Some irresponsible landlords are reportedly taking advantage of loopholes in the law to continue to rent properties even after they have been found unfit to do so. This article looks at these so-called loopholes and asks what tenants can do to protect themselves against rogue landlords.
The current law
There is legislation that covers the requirements relating to both landlords and tenants. When it comes to landlords, rules cover such issues as property standards and rent. Landlords who rent property known as ‘houses in multiple occupation’ (HMOs), must apply for a licence through the local authority. As part of the licensing application, there is what is called the ‘fit and proper’ person test. This test is aimed at ensuring only responsible people become landlords and collect rent. It does this by ascertaining certain factors, including whether the applicant has previously breached housing or landlord and tenant law.
However, a recent investigation by ITV News and The Guardian reportedly found that there is a loophole in these rules that allows an applicant who has been found unfit in one London borough to continue to rent properties in another borough. They can also reportedly continue to rent properties in the original borough if they go through a third party that has been approved.
What protection is available for tenants?
The government has introduced measures that aim to clamp down on ‘rogue’ landlords. These include establishing a database of irresponsible landlords. Local authorities are also empowered to impose fines and banning orders on landlords who are not treating their tenants fairly or keeping their properties up to standard.
However, prospective tenants should still take steps to ensure the property they rent offers a comfortable and safe environment with a landlord who is fair and responsible.
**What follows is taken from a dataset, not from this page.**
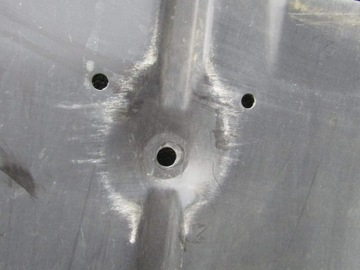 фото thumb №9, Leaf ii 20r захист плита dół pod батареї акумулятор середня 748n25sk0b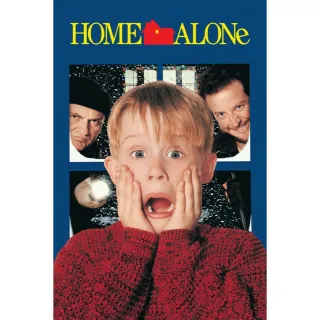 Home Alone [4K/UHD] {MoviesAnywhere}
One way to do this is by finding a property through one of the legitimate Bath letting agents, such as pritchards-bath.co.uk, who offer a professional service. It is advisable to ask if the agent has signed up to The Property Ombudsman, which is a sign that they take their responsibilities to tenants seriously.
Unfortunately, there will always be a small minority of landlords who choose to treat their rent-paying tenants unfairly. While the law provides some protection, tenants must remain vigilant and only rent property through reputable letting agents who work on behalf of responsible landlords.